Exercise goal: Nothing but the lines below from the one that contains "View from the" through the one that contains "Chic woven straw" should be retyped, exactly and including both ends. Do not include pictures.

Records shown:
-- Opening Marker --

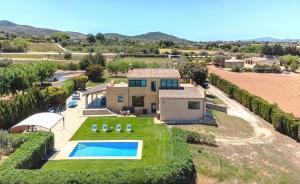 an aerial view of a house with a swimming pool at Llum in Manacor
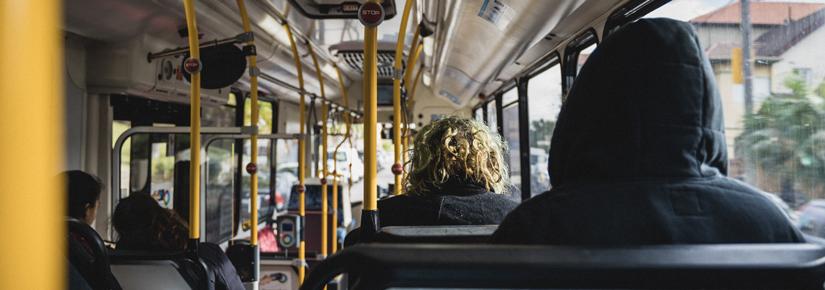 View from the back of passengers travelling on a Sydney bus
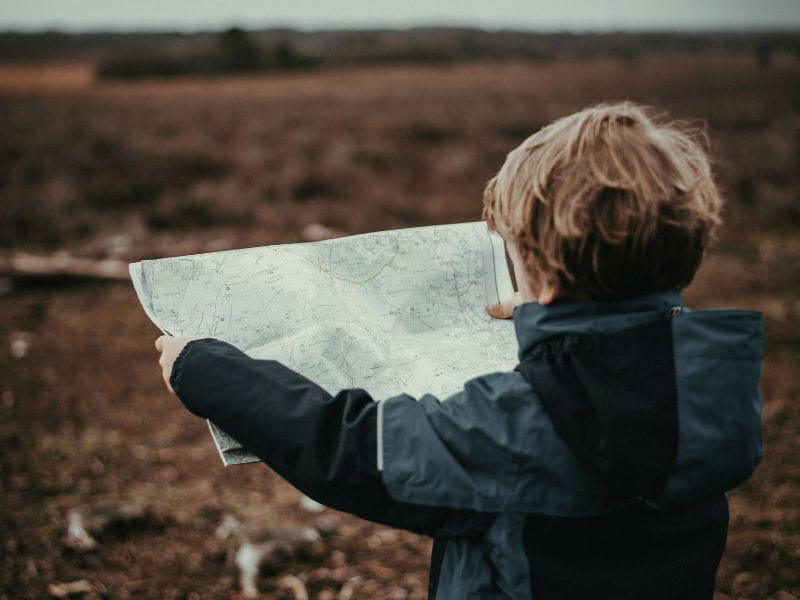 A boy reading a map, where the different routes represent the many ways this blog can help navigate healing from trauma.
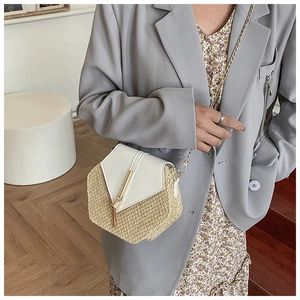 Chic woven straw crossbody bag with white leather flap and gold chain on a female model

-- Closing Marker --
-- Opening Marker --

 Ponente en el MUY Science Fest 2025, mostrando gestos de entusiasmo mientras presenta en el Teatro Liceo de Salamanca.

-- Closing Marker --

Answer box:
 View from the back of passengers travelling on a Sydney bus
 A boy reading a map, where the different routes represent the many ways this blog can help navigate healing from trauma.
 Chic woven straw crossbody bag with white leather flap and gold chain on a female model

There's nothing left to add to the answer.